I decided to create a rhubarb and white chocolate tart. Using coconut flour for the pastry case, homegrown rhubarb for the filling along with some vegan white choco, YUM!
Here is the recipe for my GF Vegan Rhubarb and White Chocolate Tart. (Serves 10-12)
Ingredients:
For the Pastry:
250g Coconut Flour
50g Icing Sugar
125g Vegan Spread
x1 equivalent Egg Replacer
1 tsp Lemon Juice
Coconut Milk
For the Filling:
4 tbsp Caster Sugar
250ml Alpro Coconut Cuisine
200g Vegan White Chocolate
30g Vegan Spread
1tsp Vanilla Extract
4 sticks of stewed Rhubarb
Method:
Preheat the oven to 180 degrees and begin to prepare the pastry.
Sift coconut flour and icing sugar into a bowl.
Work in the vegan spread with your fingers, combine until you achieve a breadcrumb texture.
Mix the egg replacer with the lemon juice and then add to the flour mixture along with a splash of coconut milk.
Work the mixture into a dough, keep adding coconut milk as needed.
When you have achieved a firm dough, roll into shape and chill. (I would do for a minimum of 30mins, but if you can do the day before or a few hours before, even better).

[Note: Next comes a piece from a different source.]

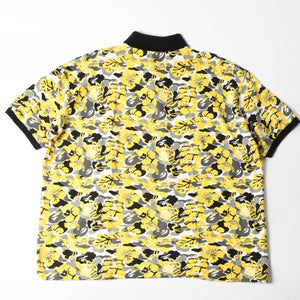 極美品 A BATHING APE アベイシングエイプ ハイビスカス 総柄 半袖 ポロシャツ コットン イエロー ブラック ホワイト サイズXL 中古 4a007405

Blind bake the pastry for 10 minutes, then remove baking beads and bake for a further 12 miuntes, or until firm and biscuit like.
Whilst the dough is chilling prepare the filling.
Heat the Alpro coconut cuisine in a pan on a low heat, when it starts to bubble add in the chocolate.
Stir the mixture on a low heat until smooth.
Once smooth add the vegan spread and caster sugar along with a dash of vanilla extract.
Spread over the rhubarb onto the base of the pastry case until you have an even layer covering the bottom.
Then pour over the chocolate mixture and set aside to chill.
I would allow a few hours for the tart to set, but if you can leave it until the next day even better!
I have sprayed mine gold, just to add to the end product!